# right circular cone

• Oct 27th 2009, 06:20 AM
right circular cone
Hello,
Show that semi - vertical angle of right circular cone of given surface area and maximum volume is sin-1(1/3)?
• Oct 28th 2009, 06:45 AM
Quote:

Hello,
Show that semi - vertical angle of right circular cone of given surface area and maximum volume is sin-1(1/3)?

If the semi-vertical angle $\displaystyle = \theta$, the radius $\displaystyle = r$, the surface area $\displaystyle = S$ and the volume $\displaystyle = V$:

The vertical height, $\displaystyle h = \frac{r}{\tan\theta}$ and the slant-height, $\displaystyle l = \frac{r}{\sin\theta}$.
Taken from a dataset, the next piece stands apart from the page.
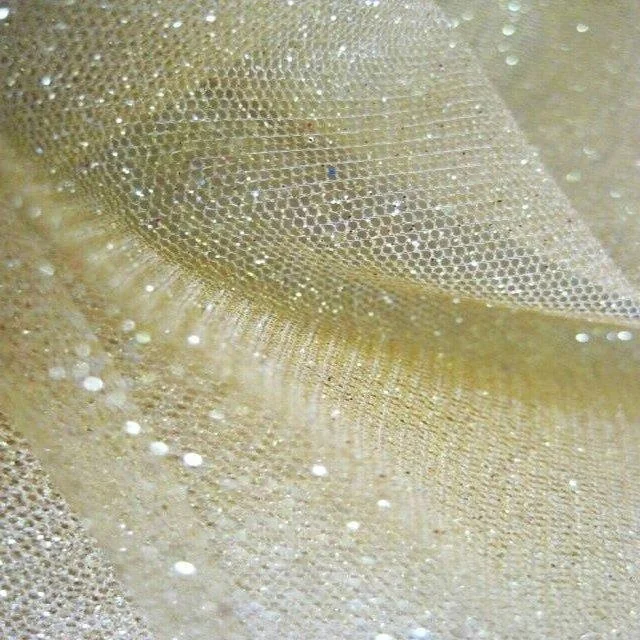 Sparkling and lightweight anti-wrinkle stretch glitter mesh tulle fabric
$\displaystyle \Rightarrow S = \pi r^2 + \pi r l$
$\displaystyle = \pi r^2 + \frac{\pi r^2}{\sin \theta}$
$\displaystyle \Rightarrow \sin\theta = \frac{\pi r^2}{S-\pi r^2}$

$\displaystyle \Rightarrow \tan\theta = \frac{\pi r^2}{\sqrt{S^2 - 2\pi S r^2}}$

So $\displaystyle V = \tfrac13\pi r^2 h$
$\displaystyle = \frac{\pi r^3}{3\tan\theta}$

$\displaystyle = \frac{\pi r^3\sqrt{S^2-2\pi S r^2}}{3\pi r^2}$

$\displaystyle =\tfrac13(S^2r^2-2\pi Sr^4)^{\frac12}$
$\displaystyle \Rightarrow 3\frac{dV}{dr}=\tfrac12(S^2r^2-2\pi Sr^4)^{-\frac12}.(2S^2r-8\pi Sr^3)$
$\displaystyle = 0$ when $\displaystyle 2S^2r-8\pi Sr^3=0$
$\displaystyle \Rightarrow r = 0$ or $\displaystyle S - 4\pi r^2 = 0$

$\displaystyle r = 0$ gives a minimum volume; and the volume is a maximum when $\displaystyle \pi r^2 = \tfrac14S$

For this value of $\displaystyle r, \sin\theta = \frac{\pi r^2}{S-\pi r^2}= \frac{\tfrac14S}{S-\tfrac14S}=\frac13$